Five Illinois universities, led by Northwestern University, have established the Metropolitan Chicago Data-science Corps (MCDC) to help meet the data science needs of the Chicago metropolitan area. The interdisciplinary corps will assist a wide range of community-based groups in taking advantage of increasing data volume and complexity while also offering data science students opportunities to apply their skills.
"The amount of data produced in society today can be overwhelming to nonprofit organizations, especially those without pertinent resources, but data can help them fulfill their missions," said Northwestern's Suzan van der Lee, who spearheaded the initiative and is a professor of Earth and planetary sciences in the Weinberg College of Arts and Sciences.
The MCDC team is led by 11 co-directors. Northwestern's co-directors are Van der Lee, Michelle Birkett, Bennett Goldberg and Diane Schanzenbach. The MCDC team also includes Northwestern faculty involved in new data science minor and major programs offered by Weinberg College and the McCormick School of Engineering, including Arend Kuyper and Jennie Rogers.
In addition to Northwestern, the partner universities are DePaul, Northeastern Illinois and Chicago State universities and the School of Information Sciences (iSchool) of the University of Illinois at Urbana-Champaign. The corps will be supported by a new grant from the National Science Foundation of nearly $1.5 million over three years.
Requests for data services are now being accepted from nonprofit and governmental organizations in the metropolitan Chicago area.
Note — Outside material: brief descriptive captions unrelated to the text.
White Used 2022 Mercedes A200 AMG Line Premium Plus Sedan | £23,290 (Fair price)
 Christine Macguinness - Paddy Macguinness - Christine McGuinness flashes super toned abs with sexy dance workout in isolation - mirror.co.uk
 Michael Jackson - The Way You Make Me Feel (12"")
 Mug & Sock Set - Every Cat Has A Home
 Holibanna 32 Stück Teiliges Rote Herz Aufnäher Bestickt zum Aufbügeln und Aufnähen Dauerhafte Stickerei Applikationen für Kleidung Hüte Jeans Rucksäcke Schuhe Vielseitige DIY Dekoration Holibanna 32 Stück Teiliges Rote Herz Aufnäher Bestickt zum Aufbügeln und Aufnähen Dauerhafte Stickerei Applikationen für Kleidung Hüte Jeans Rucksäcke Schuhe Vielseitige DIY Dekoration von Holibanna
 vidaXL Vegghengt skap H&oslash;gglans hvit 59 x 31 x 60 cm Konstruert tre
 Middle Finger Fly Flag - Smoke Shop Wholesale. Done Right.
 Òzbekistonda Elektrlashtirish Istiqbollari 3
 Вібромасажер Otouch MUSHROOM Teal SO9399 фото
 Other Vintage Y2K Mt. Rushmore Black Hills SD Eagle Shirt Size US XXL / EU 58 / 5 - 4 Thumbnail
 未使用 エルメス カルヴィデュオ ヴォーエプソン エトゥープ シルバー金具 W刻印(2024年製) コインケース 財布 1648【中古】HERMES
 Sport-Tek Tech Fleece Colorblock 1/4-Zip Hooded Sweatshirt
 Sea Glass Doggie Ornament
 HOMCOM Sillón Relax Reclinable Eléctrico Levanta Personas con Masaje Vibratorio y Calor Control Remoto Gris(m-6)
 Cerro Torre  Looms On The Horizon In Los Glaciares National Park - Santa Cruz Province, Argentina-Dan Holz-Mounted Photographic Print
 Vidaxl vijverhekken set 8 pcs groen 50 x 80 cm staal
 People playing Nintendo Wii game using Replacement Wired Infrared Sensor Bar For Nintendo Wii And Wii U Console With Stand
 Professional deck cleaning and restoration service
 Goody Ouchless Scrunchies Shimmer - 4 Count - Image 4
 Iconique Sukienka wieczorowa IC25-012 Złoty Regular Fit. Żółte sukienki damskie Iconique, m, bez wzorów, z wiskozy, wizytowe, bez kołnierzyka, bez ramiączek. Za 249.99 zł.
Data challenges in the areas of the environment, health and social well-being are of particular interest to the corps.
The city of Chicago, the Greater Chicago Food Depository, Howard Brown Health and The Nature Conservancy are just some of the organizations the MCDC will be working with as community partners.
"With this new data science corps, we are sharing our expertise to help community organizations use data to their advantage," Van der Lee said. "And interdisciplinary teams of Chicagoland data science students will receive hands-on training on how to partner with the community organizations with the goal of completing projects with real-world impact."
Van der Lee is a member of the Northwestern Institute on Complex Systems (NICO), which will provide administrative infrastructure to the MCDC.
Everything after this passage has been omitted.